Anthony Radziwill, now deceased, then a producer for ABC, came to the door of Deteresa's condominium  after  the  Simpson  murder.  This surprised her, as her address was unlisted. Radziwill was wired, wearing a hidden microphone. A high-powered camera from across the street, secreted in a van at least 30 yards away, taped the encounter. Deteresa's doorway was set back from the street and could be viewed only from a very narrow vantage point from the Street,  or from the trees. No one could overhear her con­versation.

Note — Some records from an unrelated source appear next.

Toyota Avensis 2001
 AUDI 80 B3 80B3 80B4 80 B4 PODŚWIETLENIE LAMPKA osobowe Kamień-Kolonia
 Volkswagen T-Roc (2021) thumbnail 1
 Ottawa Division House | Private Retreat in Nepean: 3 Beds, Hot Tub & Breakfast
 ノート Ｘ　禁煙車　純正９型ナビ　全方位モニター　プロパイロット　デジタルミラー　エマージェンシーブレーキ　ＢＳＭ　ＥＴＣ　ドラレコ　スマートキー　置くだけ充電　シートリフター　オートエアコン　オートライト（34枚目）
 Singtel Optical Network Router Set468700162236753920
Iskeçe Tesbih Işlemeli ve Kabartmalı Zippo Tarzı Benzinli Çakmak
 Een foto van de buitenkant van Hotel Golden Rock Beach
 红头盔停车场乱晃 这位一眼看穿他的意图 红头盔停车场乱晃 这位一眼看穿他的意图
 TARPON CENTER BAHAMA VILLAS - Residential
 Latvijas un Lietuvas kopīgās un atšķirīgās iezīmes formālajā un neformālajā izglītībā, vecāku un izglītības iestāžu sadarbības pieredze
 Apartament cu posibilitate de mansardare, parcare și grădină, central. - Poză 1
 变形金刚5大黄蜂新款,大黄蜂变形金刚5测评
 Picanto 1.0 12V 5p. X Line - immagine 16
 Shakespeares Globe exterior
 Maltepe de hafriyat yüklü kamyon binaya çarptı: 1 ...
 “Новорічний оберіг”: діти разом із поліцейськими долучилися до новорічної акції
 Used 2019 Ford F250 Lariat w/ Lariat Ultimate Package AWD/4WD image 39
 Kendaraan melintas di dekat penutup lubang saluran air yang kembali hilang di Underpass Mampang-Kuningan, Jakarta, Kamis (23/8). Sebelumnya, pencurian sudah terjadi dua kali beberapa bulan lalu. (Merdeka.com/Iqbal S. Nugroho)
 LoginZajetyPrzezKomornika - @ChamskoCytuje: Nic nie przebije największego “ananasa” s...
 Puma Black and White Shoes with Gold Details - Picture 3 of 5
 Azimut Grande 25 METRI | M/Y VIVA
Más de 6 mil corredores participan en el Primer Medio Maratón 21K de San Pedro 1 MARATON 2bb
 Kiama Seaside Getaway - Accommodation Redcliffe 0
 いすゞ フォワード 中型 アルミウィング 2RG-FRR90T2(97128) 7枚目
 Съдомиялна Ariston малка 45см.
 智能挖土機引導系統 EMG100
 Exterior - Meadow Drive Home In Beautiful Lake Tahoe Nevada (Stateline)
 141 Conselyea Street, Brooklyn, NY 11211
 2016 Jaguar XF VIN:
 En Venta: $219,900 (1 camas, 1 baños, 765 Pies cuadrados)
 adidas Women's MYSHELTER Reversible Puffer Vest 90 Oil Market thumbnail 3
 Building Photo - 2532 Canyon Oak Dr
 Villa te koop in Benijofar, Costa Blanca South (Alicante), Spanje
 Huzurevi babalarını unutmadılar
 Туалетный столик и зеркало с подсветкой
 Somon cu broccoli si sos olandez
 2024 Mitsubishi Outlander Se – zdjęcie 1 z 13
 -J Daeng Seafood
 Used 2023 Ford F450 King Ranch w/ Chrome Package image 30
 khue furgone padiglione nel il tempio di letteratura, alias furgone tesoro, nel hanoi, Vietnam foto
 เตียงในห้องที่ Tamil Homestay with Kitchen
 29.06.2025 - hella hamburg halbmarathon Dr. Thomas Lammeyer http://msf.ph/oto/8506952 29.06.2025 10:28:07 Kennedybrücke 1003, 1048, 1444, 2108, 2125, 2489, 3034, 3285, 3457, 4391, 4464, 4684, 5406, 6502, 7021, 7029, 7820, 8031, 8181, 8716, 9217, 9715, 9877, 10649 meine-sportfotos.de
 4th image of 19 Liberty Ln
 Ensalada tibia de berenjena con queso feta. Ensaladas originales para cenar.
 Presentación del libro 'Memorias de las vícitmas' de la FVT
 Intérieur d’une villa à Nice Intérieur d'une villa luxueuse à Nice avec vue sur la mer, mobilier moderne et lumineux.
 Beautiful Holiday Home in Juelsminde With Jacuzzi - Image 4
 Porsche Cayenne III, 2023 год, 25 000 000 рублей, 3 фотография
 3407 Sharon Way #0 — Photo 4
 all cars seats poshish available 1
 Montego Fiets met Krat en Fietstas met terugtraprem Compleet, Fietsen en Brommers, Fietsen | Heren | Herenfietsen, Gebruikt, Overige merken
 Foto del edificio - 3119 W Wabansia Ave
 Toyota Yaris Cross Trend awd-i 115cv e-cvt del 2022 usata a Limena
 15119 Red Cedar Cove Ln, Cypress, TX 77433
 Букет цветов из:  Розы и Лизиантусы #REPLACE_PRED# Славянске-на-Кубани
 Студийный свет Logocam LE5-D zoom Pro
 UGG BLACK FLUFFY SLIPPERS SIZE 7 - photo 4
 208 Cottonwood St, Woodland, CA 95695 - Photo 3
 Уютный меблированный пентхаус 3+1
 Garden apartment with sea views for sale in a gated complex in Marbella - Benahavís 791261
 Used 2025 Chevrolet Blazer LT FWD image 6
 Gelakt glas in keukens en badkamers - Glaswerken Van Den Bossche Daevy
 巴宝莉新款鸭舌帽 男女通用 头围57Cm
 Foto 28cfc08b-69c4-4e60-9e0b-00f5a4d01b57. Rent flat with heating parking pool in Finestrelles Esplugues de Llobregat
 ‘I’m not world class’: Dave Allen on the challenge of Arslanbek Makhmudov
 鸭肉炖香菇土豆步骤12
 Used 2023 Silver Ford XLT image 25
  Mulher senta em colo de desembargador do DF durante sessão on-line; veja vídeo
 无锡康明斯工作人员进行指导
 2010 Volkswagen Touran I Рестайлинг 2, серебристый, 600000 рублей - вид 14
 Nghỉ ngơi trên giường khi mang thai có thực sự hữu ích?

Deteresa asked Radziwill how he obtained her address, and he replied that an address can be obtained for anyone who has a credit card  or owns property. Deteresa stated that while she would like to talk for television, she  did  not want to do so because of American Airlines policy; Radziwill agreed that everyone deserves their privacy. Deteresa  commented  that  the ABC producer's mother,  Lee  Radziwill  (sister of Jacqueline Kennedy Onassis), must know  all about invasions of privacy by the media. Rad­ziwill asked Deteresa, who did provide him with some information off the record, if she would come in front of her condominium so that he could get some video shots of her. She declined.

The following day, Radziwill called  Deteresa and told her that she had been surreptitiously taped, that he did not think they could utilize the sound portion of the tape, but  could  probably use the video, and they were going to use it unless she agreed to appear on “Day One.” Deteresa declined, stunned to have learned that her privacy had been so invaded.

Thereafter, Deteresa's husband called Radziwill and begged him not to use the tape. Radziwili stated that it was a  “terrible thing he had done,” or equivalent words, and that they would not use the audio part, but might put  up “subtitles”  to say what she had said. On June 20, 1994, ABC broadcast portions of videotape made at her residence, without the sound that had been recorded.

In 1995, Deteresa filed a complaint in federal district court in Southern California for invasion of privacy and violation of California's eaves­ dropping statute, contending in part that the se­cret audio taping, even though not broadcast, was nonetheless a violation of law.

The trial court dismissed the case, and a divided court of appeal affirmed the  decision,  finding the statute should be interpreted according to whether the person taped had  an  expectation that the contents of her conversation would not be repeated. This decision, Deteresa v. American Broadcasting companies, Inc.,  121 F.  3d 460 (1997), was a major blow against privacy.

But the California Supreme Court in a unanimous decision on Mar. 14, 2002, Flanagan v. Flanagan, 117 Cal, Rep. 2d  574, ruled that the proper analysis of the California statute is, as Deteresa had argued, whether there was an expectation that someone was secretly recording. The state supreme court disapproved of the ruling in the Deteresa case, establishing that De. teresa had been wrongly decided. Thus, Beverly Deteresa should have won her case against ABC and its vicious hidden cameras.

ABC, CBS, NBC and CNN filed a friends-of-the-court brief to the state supreme court in the Flanagan case. It was never reported that these media giants had fought to limit privacy rights, nor that their position had been defeated.

When Neville L. Johnson, attorney for Deteresa, learned of the decision in Flanagan, he wrote ABC, demanding an apology and that the case be reported by the network. ABC never responded.

This is news. On Mar. 29, 2002, Johnson  advised the news media by press release of the foregoing facts. No one, until now in Privacy Journal, has bothered to report this information. The news media for the most part do not cover news about themselves when they oppose the right of privacy.

Neville L. Johnson, an attorney in the Los Angeles-based privacy rights law firm Johnson & Rishwain LLP, prevailed  in Sanders. The firm is currently awaiting a decision from the Ninth Circuit U.S. Court of Appeals in another hidden camera invasion of privacy and defamation cases against ABC.